• **DIRECTIONS FOR THIS TASK**
Your task is to reproduce the listing exactly, without its images.

• **SUPPLIED MATERIAL**
· · · · ·

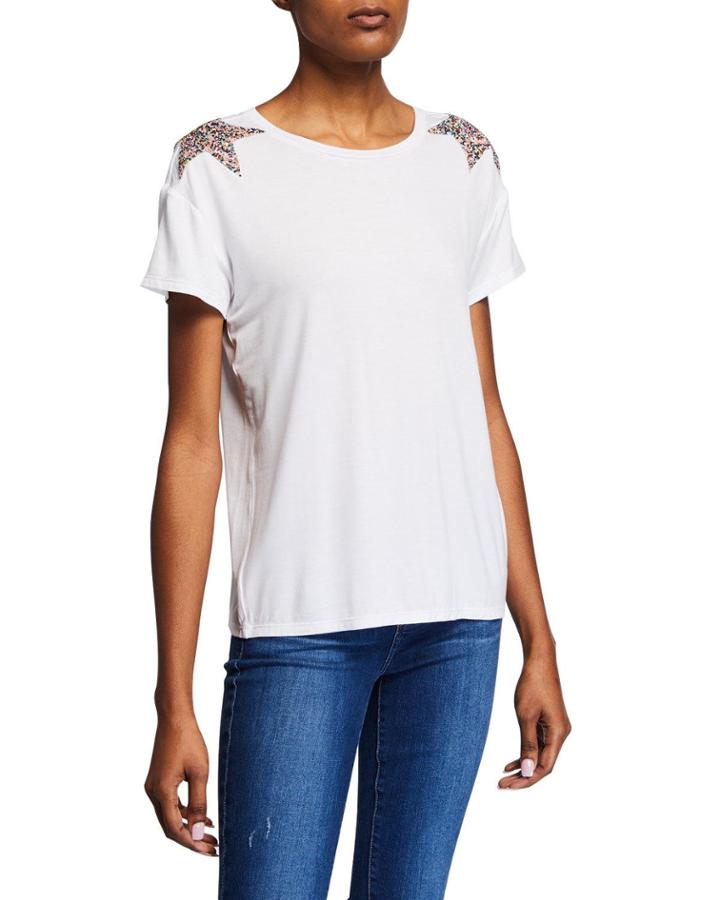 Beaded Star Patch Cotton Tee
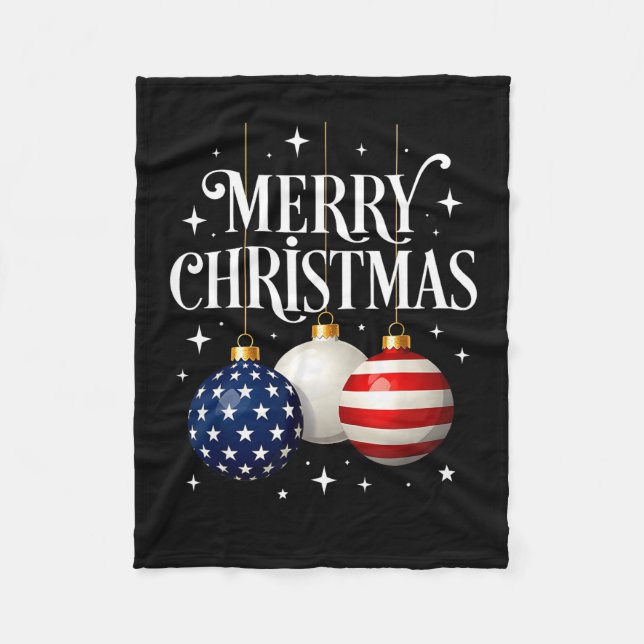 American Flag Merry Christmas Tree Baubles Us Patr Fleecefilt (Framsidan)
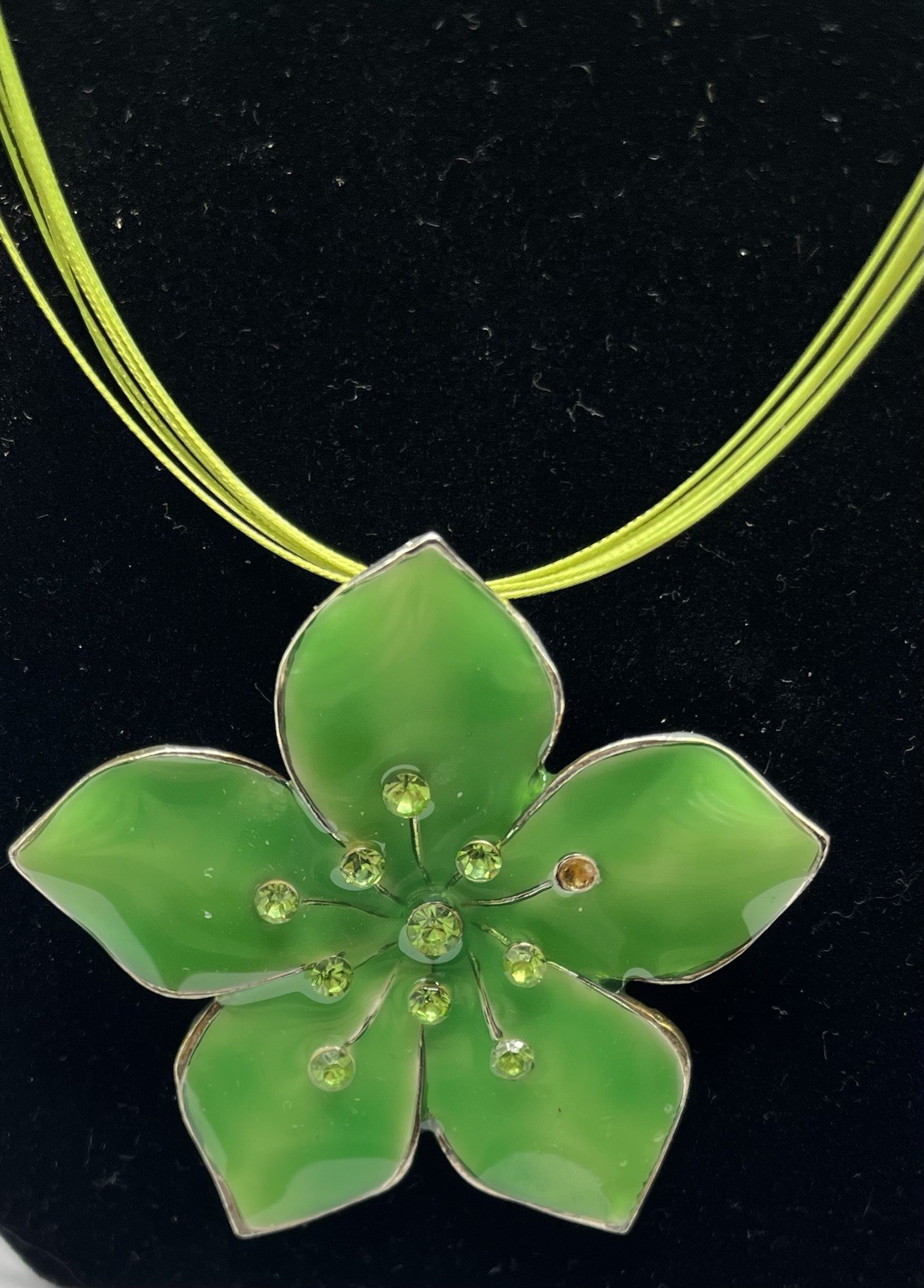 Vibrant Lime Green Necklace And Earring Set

· · · · ·

• **YOUR RESPONSE**
 Beaded Star Patch Cotton Tee
 American Flag Merry Christmas Tree Baubles Us Patr Fleecefilt (Framsidan)
 Vibrant Lime Green Necklace And Earring Set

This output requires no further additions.